● **Task prompt**: Would you please transcribe the data in full and exactly, excluding images?

● **Data segment**:

⁂

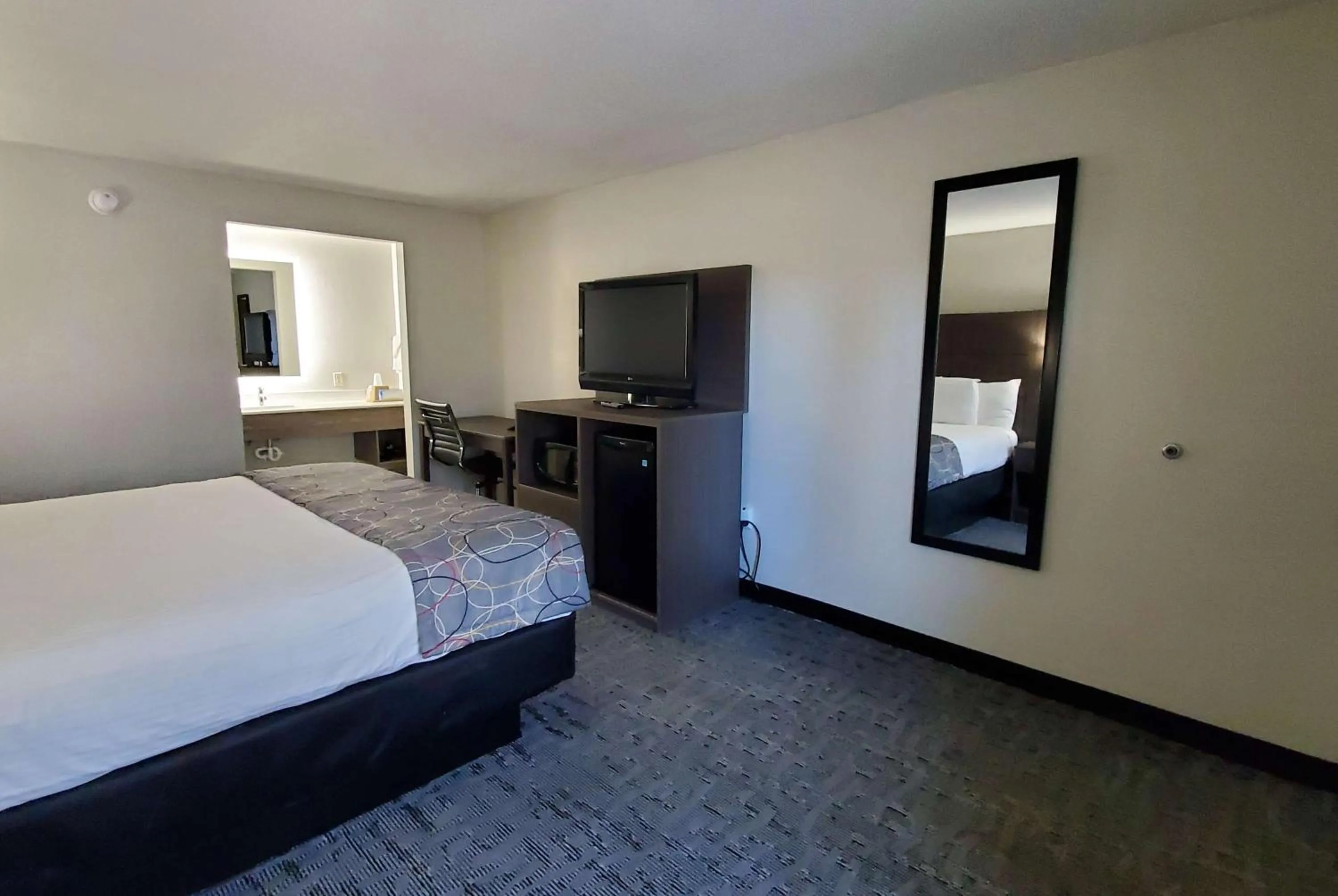 Photo of the whole room, Bed in Days Inn & Suites by Wyndham Charleston Airport West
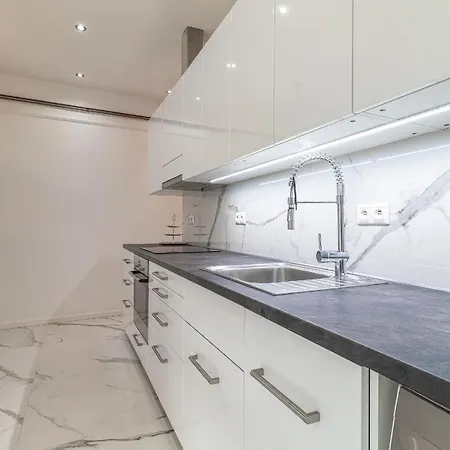 Apartment Trendy In *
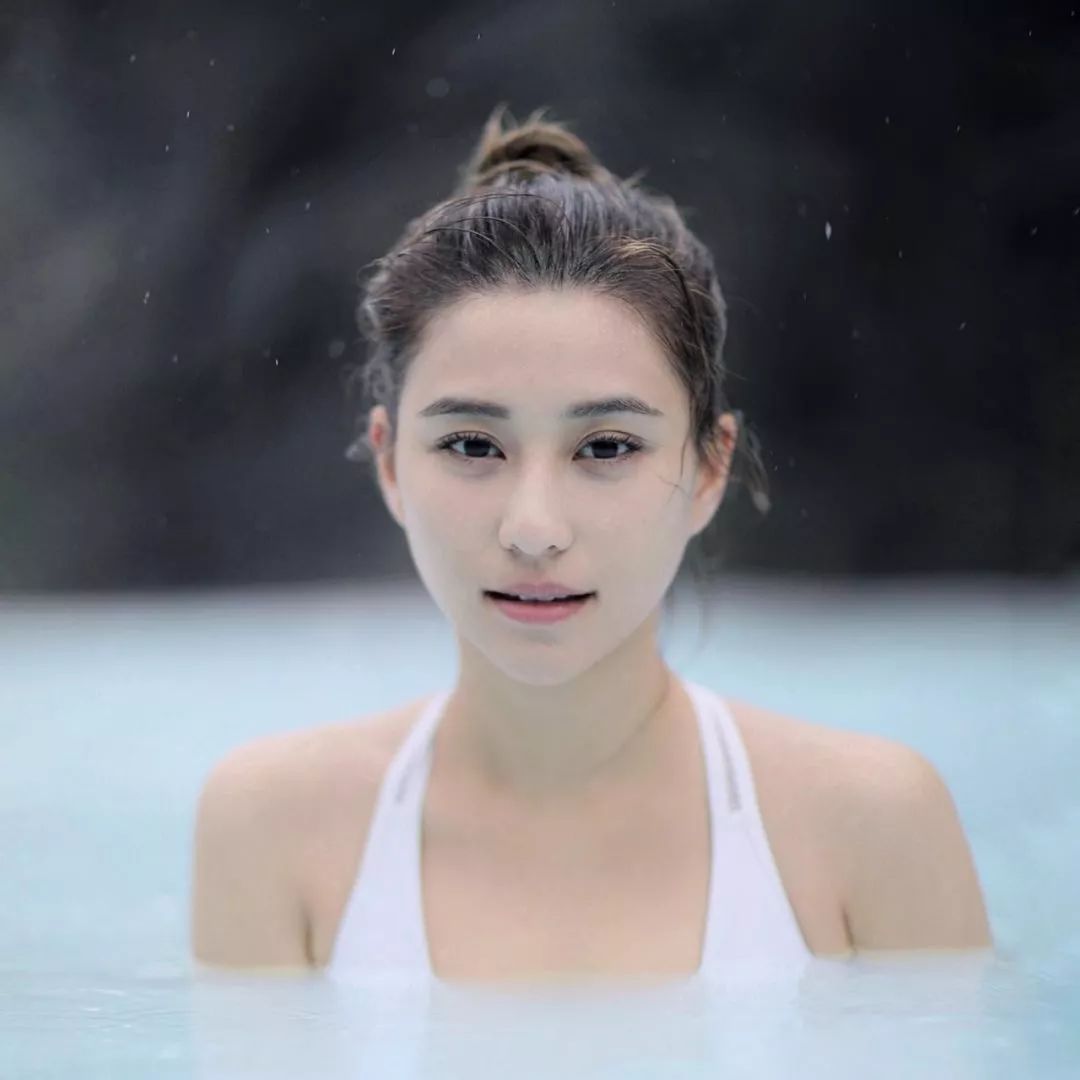 获赞人美心善！29岁“全球最索千金”派发口罩：先捐予基层及医护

⁂

● **Reply**:
 Photo of the whole room, Bed in Days Inn & Suites by Wyndham Charleston Airport West
 Apartment Trendy In *
 获赞人美心善！29岁“全球最索千金”派发口罩：先捐予基层及医护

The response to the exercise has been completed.